RAVING REVIEW: DATE WITH A VAMPIRE doesn’t pretend to be high art, and honestly, that’s part of its appeal. This is a late-era shot-on-video rarity that exists in the overlap between softcore cable erotica and backyard vampire horror, a time capsule from when independent filmmakers could press record on digital video and carve out shelf space at the local video store. Watching it now, especially in Visual Vengeance’s collector’s edition, feels less like revisiting a forgotten masterpiece and more like opening a sealed relic from the Skinemax era and letting it breathe again.


The premise, as expected, is straightforward. Violet, played by Lori Thomas, seduces both men and women, feeding as much on sexual tension as she does on blood. Her latest conquest is Chuck, a lonely young man who follows her home after an encounter at a bar. What follows is less an exploration of narrative and more a prolonged atmosphere of seduction, punctuated by vampires and occasional bursts of horror mixed into slow-burning softcore.
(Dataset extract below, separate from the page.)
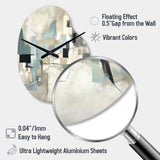 Beige And Grey Unbounded Creativity II - Asymmetric Metal Wall Clock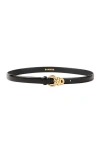 Sandro Womens  Slim Leather Belt In Black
Let’s be clear about what this movie emphasizes. It’s not vampire mythology. It’s not complex character arcs. Its mood and half-naked bodies. Long, lingering bedroom scenes dominate the runtime, and whether that works for you depends entirely on your tolerance for extended erotic sequences with minimal plot. At just under an hour, DATE WITH A VAMPIRE still manages to feel padded, which says a lot about how deliberate its pacing is.

That said, there’s something oddly sincere about it. Director Jeffrey Arsenault isn’t winking at the audience. He’s not parodying the genre. He’s playing it straight, blending sensuality with low-fi horror aesthetics in a way that feels heartfelt rather than cynical. The Brooklyn locations, the dim interiors, the heavy use of shadow, the catalog classical music, it all gives the film a scrappy, DIY personality. This was Arsenault’s first feature shot on digital video instead of film, and you can feel that energy. It’s rough around the edges, but it’s also committed.
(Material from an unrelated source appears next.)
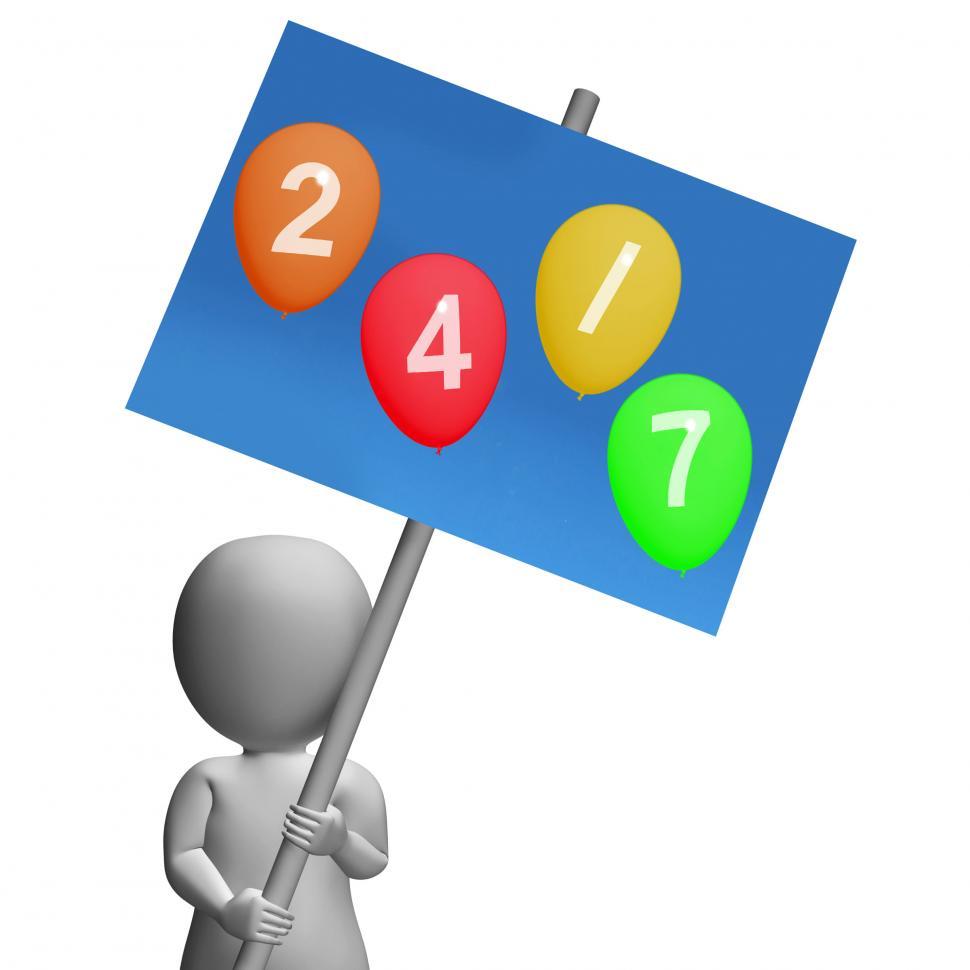 Free Image of Sign Twenty-four Seven Balloons Represent All Week Availability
Lori Thomas carries most of the film’s… well, everything. As Violet, she leans into the character’s predatory charm with confidence. There’s a measured calmness to her performance that makes the seductive elements believable within the movie’s heightened world. She doesn’t overplay the vampire angle. Instead, she treats it as an extension of her sexuality, which aligns with the film’s core concept, which explores hunger in all its forms.
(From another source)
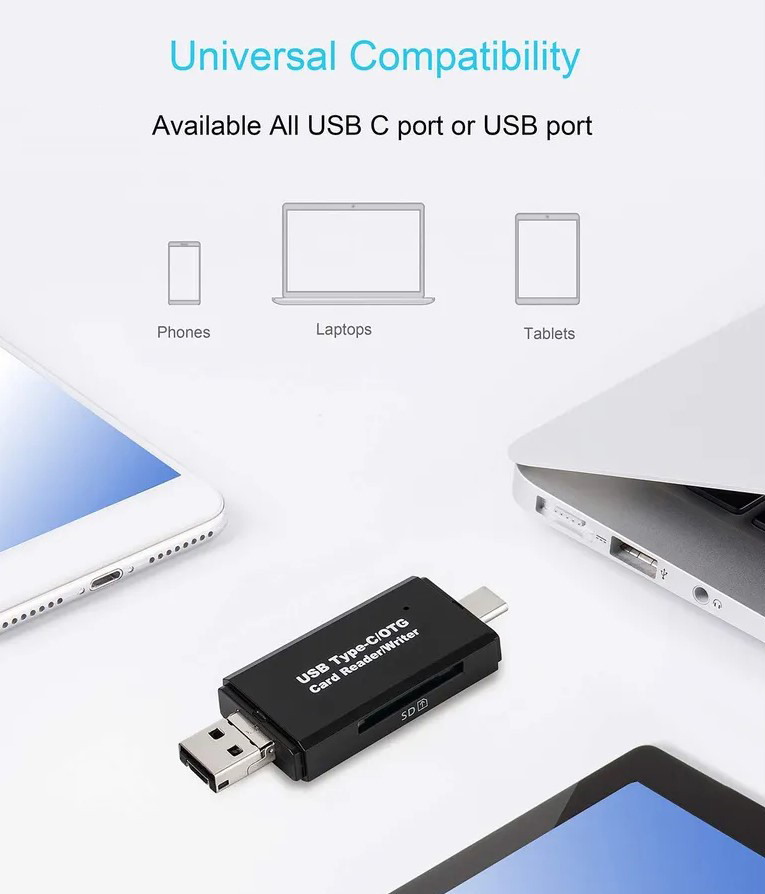 2-in-1 USB Type-C / USB 3.0 Card Reader OTG for SD and MicroSD Cards Up ...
Robin Macklin’s Chuck, on the other hand, functions more as a reactive presence. He spends much of the runtime fluctuating between arousal, confusion, and mild panic. The script gives him dialogue heavy with double meanings, but it rarely deepens his motivations beyond surface-level curiosity and attraction. Still, within the constraints of the material, Macklin holds his own.

Joe Zaso’s appearance as the so-called Basement Vampire injects a brief jolt of cult horror credibility. Zaso was and still is a staple of East Coast indie horror, and his presence adds some intrigue, even if it's a relatively small role. Cynthia Polakovich’s Rebecca subplot offers tension, though it ultimately feels more like an extended detour than a fully integrated story.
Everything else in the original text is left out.